Comme si l’ampoule de Michel Blazy avait réussi à devenir chaleur solaire et à brûler les pièces alentours, Mephisto d’Ulla Von Brandenburg est un tissu que le soleil a noirci. Accroché au mur comme une toile, un cerceau est posé à ses pieds. L’œuvre suggère des associations mystérieuses dans une logique combinatoire de la damnation. Mephisto c’est un des princes de l’enfer et l’incarnation du diable sur terre. L’œuvre suggère l’univers rougeoyant des âmes damnées emprisonnées et enchaînées. Les flammes de l’enfer nous brûlent de manière inconsciente en renvoyant à nos peurs et nos péchés.

En face, au sol, Kist helicopters de Roman Signer est un caisson de bois qui emprisonne des modèles miniatures d’hélicoptères.
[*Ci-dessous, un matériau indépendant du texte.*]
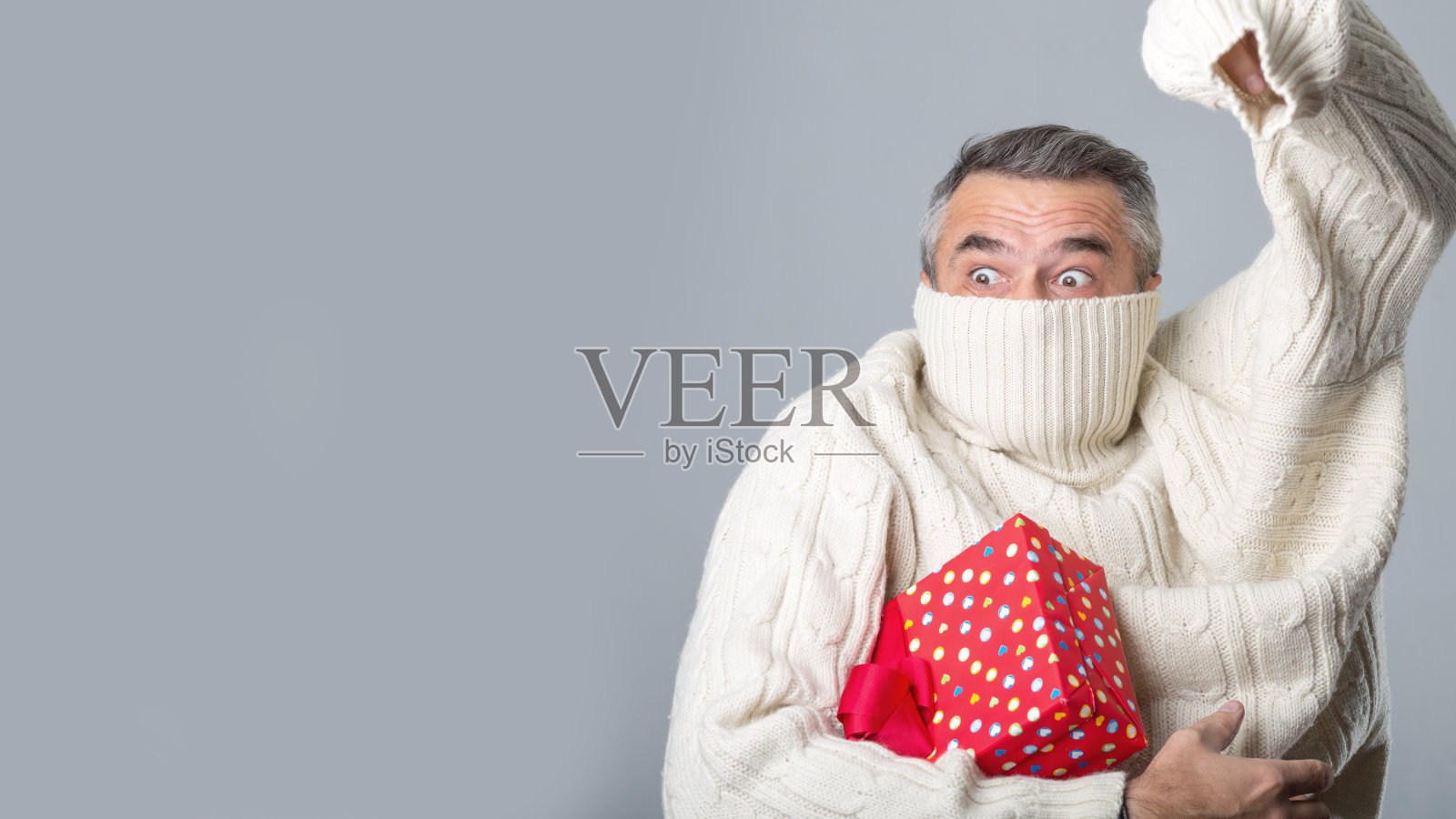 照片中的男子与一个礼盒包装与丝带照片摄影图片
Le changement d’échelle fait croire à des insectes et libellules en captivité, agonisants. L’hélicoptère est un élément récurrent du travail de l’artiste. Il commence par construire lui-même ces objets en métal puis les utilise comme des outils.

Une autre sculpture de Roman Signer, Glas, est adossée au mur. Un verre en plastique est fixé à la perpendiculaire d’une planche de bois. A l’intérieur, un liquide bleu est prêt à couler et à se déverser sur le sol mais le fluide reste figé, dans l’instant même où il devait se répandre. La première impression, presque magique s’évanouit lorsque l’on réalise que le liquide est pétrifié. Cette sculpture défie le processus de la gravitation, de l’attraction vers le sol et le fige dans un temps hors des lois métaphysiques et terrestres.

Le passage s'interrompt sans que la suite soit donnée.